====== PROVIDED DATA

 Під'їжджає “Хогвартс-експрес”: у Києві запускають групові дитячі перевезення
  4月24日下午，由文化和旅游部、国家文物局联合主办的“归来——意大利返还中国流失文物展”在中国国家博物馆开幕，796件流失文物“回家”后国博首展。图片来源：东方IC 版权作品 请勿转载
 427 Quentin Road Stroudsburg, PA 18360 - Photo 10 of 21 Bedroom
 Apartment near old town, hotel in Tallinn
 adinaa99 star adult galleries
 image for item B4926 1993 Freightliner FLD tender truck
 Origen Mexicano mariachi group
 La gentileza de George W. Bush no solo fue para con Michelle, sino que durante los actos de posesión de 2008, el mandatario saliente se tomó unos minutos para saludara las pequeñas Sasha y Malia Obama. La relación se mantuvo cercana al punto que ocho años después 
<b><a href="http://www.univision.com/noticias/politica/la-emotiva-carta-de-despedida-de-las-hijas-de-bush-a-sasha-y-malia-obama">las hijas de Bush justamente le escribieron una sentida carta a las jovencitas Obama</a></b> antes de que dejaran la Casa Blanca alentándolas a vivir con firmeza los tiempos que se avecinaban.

============

WORK TASK — The entries above are to be copied word for word.

ANSWER TO THE EXERCISE —
 Під'їжджає “Хогвартс-експрес”: у Києві запускають групові дитячі перевезення
  4月24日下午，由文化和旅游部、国家文物局联合主办的“归来——意大利返还中国流失文物展”在中国国家博物馆开幕，796件流失文物“回家”后国博首展。图片来源：东方IC 版权作品 请勿转载
 427 Quentin Road Stroudsburg, PA 18360 - Photo 10 of 21 Bedroom
 Apartment near old town, hotel in Tallinn
 adinaa99 star adult galleries
 image for item B4926 1993 Freightliner FLD tender truck
 Origen Mexicano mariachi group
 La gentileza de George W. Bush no solo fue para con Michelle, sino que durante los actos de posesión de 2008, el mandatario saliente se tomó unos minutos para saludara las pequeñas Sasha y Malia Obama. La relación se mantuvo cercana al punto que ocho años después 
<b><a href="http://www.univision.com/noticias/politica/la-emotiva-carta-de-despedida-de-las-hijas-de-bush-a-sasha-y-malia-obama">las hijas de Bush justamente le escribieron una sentida carta a las jovencitas Obama</a></b> antes de que dejaran la Casa Blanca alentándolas a vivir con firmeza los tiempos que se avecinaban.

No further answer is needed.